By the way, what he say?
He can tell I ain’t missing no meals
Come through and fuck ’em in my automobile
Let him eat it with his grills,
He keep telling me to chill
He keep telling me it’s real, that he love my sex appeal
Because he don’t like ’em boney, he want something he can grab
So I pulled up in the Jag, and i hit ’em with the jab like…
Dun-d-d-dun-dun-d-d-dun-dun

My Anaconda don’t…
My Anaconda don’t…
My Anaconda don’t want none unless you got buns hun

Oh my gosh, look at her butt
Oh my gosh, look at her butt
Oh my gosh, look at her butt
Look at her butt (look at her butt)

This dude named Michael used to ride motorcycles
Dick bigger than a tower, I ain’t talking about Eiffel’s
Real country ass nigga, let me play with his rifle
Pussy put his ass to sleep, now he calling me NyQuil
Now that bang bang bang,
I let him hit it ’cause he slang Cocaine
He toss my salad like his name Romaine
And when we done, I make him buy me Balmain
I’m on some dumb shit

Etc.

Eduhonesty: These are middle school kids and this song is popular. Music reflects culture. Music sometimes reflects character and aspirations. We have a cultural crisis out here. Trust me.

Appendix 20

The crumpled page contains a description of Type I, II, and III assessments. It’s from some professional development meeting related to our evaluations. All I can say is that any evaluation system that requires 20 or more appendices desperately needs to be rewritten. The state law that resulted in this appendix needs to be repealed.

Our government’s claws may eviscerate education at the rate we are going. Twenty-two page evaluations are ridiculous, especially when they are based on about half a day’s observation at most. I’m not against data. I’m against made-up data. Any twenty-two page document based on a half-day’s observation has a large element of fiction in its pages.

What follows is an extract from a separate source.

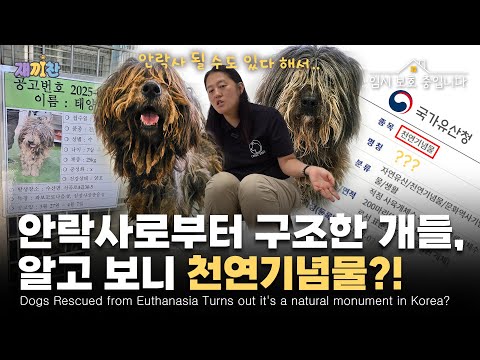 “천연기념물이 왜 여기에?” 시보호소에 버려진 삽살개 가족 "Why is the natural monument here?" Dog family abandoned at shelter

At some point, I’ll bother to read that chunk of dead trees and find out how much fiction. Or not. I’m at a natural retirement break point and I announced to the break room that I was going. Will I continue teaching elsewhere? Life would be easier if I moved up the socioeconomic ladder to a place where test scores are higher and administrators don’t have the state breathing down their necks. Still, I may quit to follow my North Star toward writing instead.

Eduhonesty: I’m sure some of these evaluation documents are larger and some are smaller. Regardless, I believe three to five pages at most ought to cover a teacher’s evaluation, just as I think one week of standardized testing each year ought to cover student data needs. The data dragon needs to be slain.